2.5. Vibrazioni in volo prima e dopo la regolazione dell'ammortizzatore
Oltre ai test di vibrazione a terra dopo il bilanciamento dell'elica (sezione 2.3), sono state effettuate anche misurazioni delle vibrazioni dello Yak-52 in volo.
Le vibrazioni in volo sono state misurate nella cabina del secondo pilota in direzione verticale utilizzando un analizzatore di spettro portatile AD-3527 di A&D (Giappone) nell'intervallo di frequenza da 5 a 200 (500) Hz.
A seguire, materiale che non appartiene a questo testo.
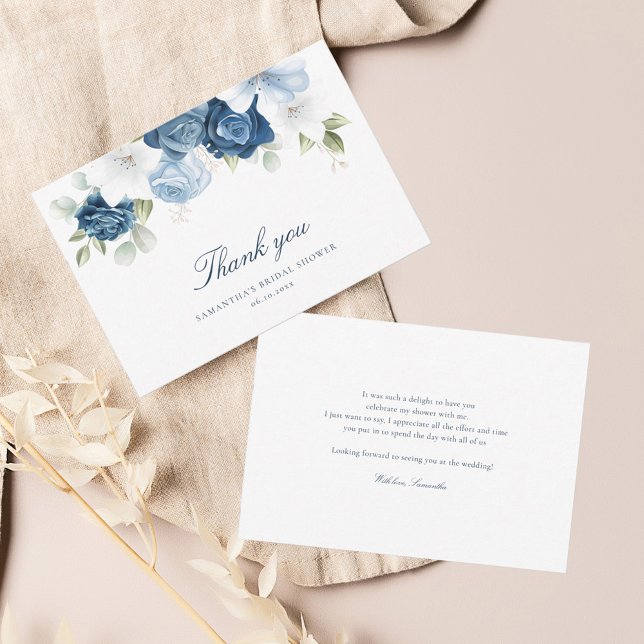 Carte De Remerciements Élégante Baby Shower Bleu Poussiéreux Floral Eucal (Dusty Blue Floral Bridal Shower Thank You Card)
Le misurazioni sono state effettuate a cinque modalità principali di velocità del motore: 60%, 65%, 70%, 82% e 94% di frequenza di rotazione massima.
I risultati ottenuti prima della regolazione degli ammortizzatori sono presentati nella Tabella 2.2.
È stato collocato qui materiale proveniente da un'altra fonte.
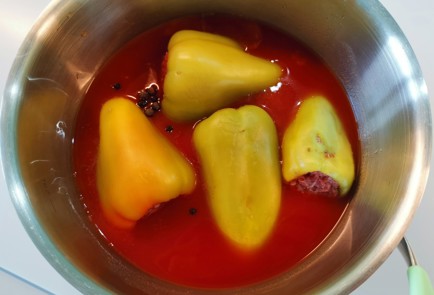 Фото шага рецепта Классические фаршированные перцы 190495 шаг 8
| # | Velocità dell'elica | Componenti dello spettro di vibrazione, frequenza (CPM) / ampiezza (mm/sec) |
VSi, mm/sec |
||||||||
|---|---|---|---|---|---|---|---|---|---|---|---|
| % | giri al minuto | Vpagina 1 | Vn | Vc1 | Vpagina 2 | Vc2 | Vpagina 4 | Vc3 | Vpagina 5 | ||
| 1 | 60 | 1155 | 1155 4.4 |
1560 1.5 |
1755 1.0 |
2310 1.5 |
3510 4.0 |
4620 1.3 |
5265 0.7 |
5775 0.9 |
6.1 |
| 2 | 65 | 1244 | 1244 3.5 |
1680 1.2 |
1890 2.1 |
2488 1.2 |
3780 4.1 |
4976 0.4 |
5670 1.2 |
6.2 | |
| 3 | 70 | 1342 | 1342 2.8 |
1860 0.4 |
2040 3.2 |
2684 0.4 |
4080 2.9 |
5369 2.3 |
5.0 | ||
| 4 | 82 | 1580 | 1580 4.7 |
2160 2.9 |
2400 1.1 |
3160 0.4 |
4800 12.5 |
13.7 | |||
| 5 | 94 | 1830 | 1830 2.2 |
2484 3.4 |
2760 1.7 |
3660 2.8 |
5520 15.8 |
7320 3.7 |
17.1 | ||
Vp = armoniche dell'elica (1a, 2a, 4a, 5a) Vn = compressore/sensore di frequenza Vc1, Vc2, Vc3 = albero motore 1°, 2°, 3° Valore superiore = frequenza (CPM), inferiore = ampiezza (mm/sec).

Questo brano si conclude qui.